Once the committee does refer Mr. Galloway to the Department of Justice, he may indeed face prosecution for perjury and obstruction of congressional proceedings, as well as the original accusations of soliciting and receiving illegal payments. Despite his bombast, I doubt whether Mr. Galloway would volunteer to go on trial in America on charges that carry long prison sentences.


Could he be forced to stand trial? No sitting British MP has ever been extradited to America before. However, the senators have accused Mr. Galloway not only of lying under oath during the hearings last May, but of committing perjury in the British high court when he successfully sued the Daily Telegraph for libel two years ago. The London newspaper had found documents in Baghdad that purported to show that he had been in the pay of Saddam Hussein. Under oath, Mr. Galloway denied receiving any payments, and after a highly publicized trial, he was awarded some $250,000 in damages. The Telegraph appealed the case.


If it emerged that Mr. Galloway lied under oath, he could face prosecution for perjury in Britain as well as America. There are recent precedents for parliamentarians being prosecuted for perjury in libel cases. Two well-known conservatives, the former Cabinet minister Jonathan Aitken and the novelist Jeffrey Archer, have served jail terms for perjury.


There is more. After the Telegraph published its documents, the parliamentary commissioner for standards, Sir Philip Mawer, began an investigation, which has been suspended during the libel case in order not to prejudice court proceedings. The Telegraph’s appeal was heard by the Court of Appeal earlier this month, and judgment is expected shortly, allowing the parliamentary investigation to resume.

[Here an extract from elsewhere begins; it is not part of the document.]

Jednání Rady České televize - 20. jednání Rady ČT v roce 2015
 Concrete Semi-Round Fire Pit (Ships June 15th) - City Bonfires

Mr. Mawer is working closely with the Senate committee, conscious of the fact that Britain’s Parliament ought to put its own house in order rather than leave its American cousin to do all the digging. Mr. Mawer knows Mr. Galloway failed to disclose any payments from the oil-for-food program in the MPs’ register of interests. If his fellow MPs were to conclude, on the basis of Mr. Mawer’s inquiry, that Mr. Galloway deliberately broke the rules of the House, he could be suspended or even expelled. Deprived of parliamentary privilege, Mr. Galloway’s extradition to America would be much more feasible.


All Mr. Galloway’s hubristic bombast will not save him from the nemesis that in all likelihood now awaits him. The wheels of justice grind exceedingly slowly on both sides of the Atlantic. Still, one way or another, I expect “Gorgeous George” to pay the price of his mendacity in this world rather than the next.